See `?heatmapPEI` for more details. Many parameters are configurable, while
generally the default will be fine.


```{r heatmapPEI, fig.width=11, fig.height=7, fig.cap="KEGG pathway enrichment"}
# The enrichment score for 10 clusters, together with Down-regulated,
# Up-regulated and All DE genes. The values shown in Figure 2 is the -log2(FDR).
#
# Always make the number as character, please!

heatmapPEI(clen_res, "pam", "10", printGS=FALSE, maintitle="Pathway analysis for Psoriasis")

```
Figure 3A shows the pathway enrichment for each cluster as well as up-regulated,
down-regulated and all the differentially expressed genes.
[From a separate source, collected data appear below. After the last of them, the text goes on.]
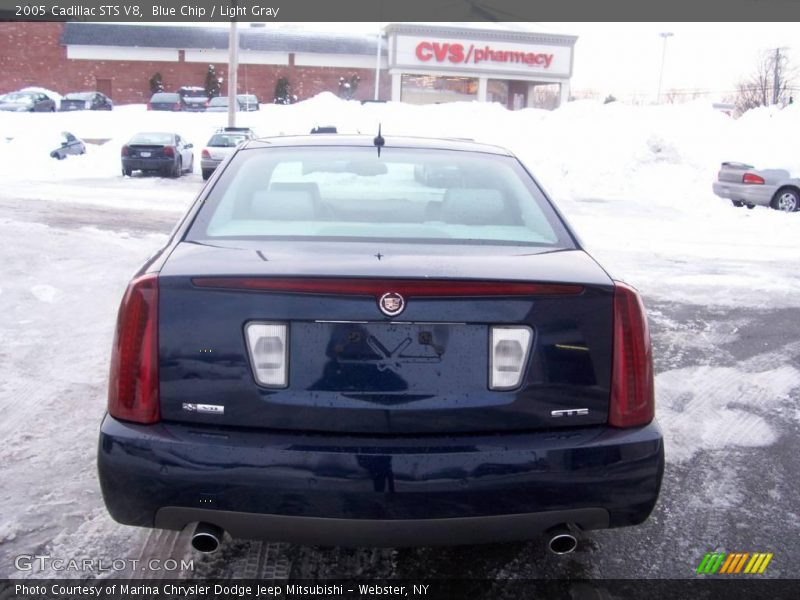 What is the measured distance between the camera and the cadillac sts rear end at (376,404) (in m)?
2.56

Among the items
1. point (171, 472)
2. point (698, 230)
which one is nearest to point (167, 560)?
point (171, 472)

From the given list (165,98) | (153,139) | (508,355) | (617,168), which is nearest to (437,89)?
(165,98)

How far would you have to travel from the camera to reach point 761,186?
17078mm

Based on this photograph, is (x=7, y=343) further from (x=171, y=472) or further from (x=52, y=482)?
(x=171, y=472)

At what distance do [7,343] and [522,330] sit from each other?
4.84 metres

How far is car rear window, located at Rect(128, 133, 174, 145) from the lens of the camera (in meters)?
24.0

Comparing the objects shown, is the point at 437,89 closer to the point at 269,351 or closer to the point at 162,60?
the point at 162,60

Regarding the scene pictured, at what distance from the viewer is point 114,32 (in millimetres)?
58594

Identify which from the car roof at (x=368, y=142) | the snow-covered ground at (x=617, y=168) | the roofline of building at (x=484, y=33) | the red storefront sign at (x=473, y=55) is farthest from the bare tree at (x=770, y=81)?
the car roof at (x=368, y=142)

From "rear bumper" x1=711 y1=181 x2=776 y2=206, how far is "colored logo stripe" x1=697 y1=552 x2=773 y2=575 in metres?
15.3

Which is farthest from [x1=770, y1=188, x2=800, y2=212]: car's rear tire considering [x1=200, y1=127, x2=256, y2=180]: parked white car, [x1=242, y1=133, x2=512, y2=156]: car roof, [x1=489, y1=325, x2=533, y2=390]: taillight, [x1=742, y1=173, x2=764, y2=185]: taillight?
[x1=489, y1=325, x2=533, y2=390]: taillight

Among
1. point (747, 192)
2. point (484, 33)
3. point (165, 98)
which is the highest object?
point (484, 33)

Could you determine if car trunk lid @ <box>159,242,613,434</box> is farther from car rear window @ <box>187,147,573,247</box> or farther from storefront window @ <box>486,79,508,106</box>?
storefront window @ <box>486,79,508,106</box>

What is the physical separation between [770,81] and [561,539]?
188 feet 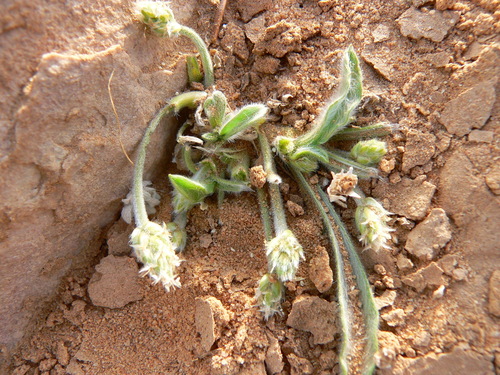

The enrichment scores
can be ranked by a certain cluster or the max or average scores of all the scores for
each pathway.

```{r heatmapPEI_B, fig.width=11, fig.height=7, fig.cap="KEGG pathway enrichment circle visualization"}

heatmapPEI(clen_res, "pam", "10", printGS=FALSE, maintitle="Pathway analysis for Psoriasis", geom="circle")

```
Figure 3B shows the pathway enrichment using circle plotting.


# Drug repositioning

Pathway analysis demonstrates that specific disease pathways are often
represented by a single cluster. Accordingly, we recommend that drug repositioning
is performed based on co-expressed gene clusters instead of all the differentially
expressed genes. If the input of cogena is disease related data, the drugs enriched
should recover the gene expression changed by the disease (the drug should induce
an opposite direction in expression to the disease), while if the input is drug related,
the enriched drugs should show similar gene expression changes caused by the drug
studied. Here we show drugs for treating psoriasis, an autoimmune disease.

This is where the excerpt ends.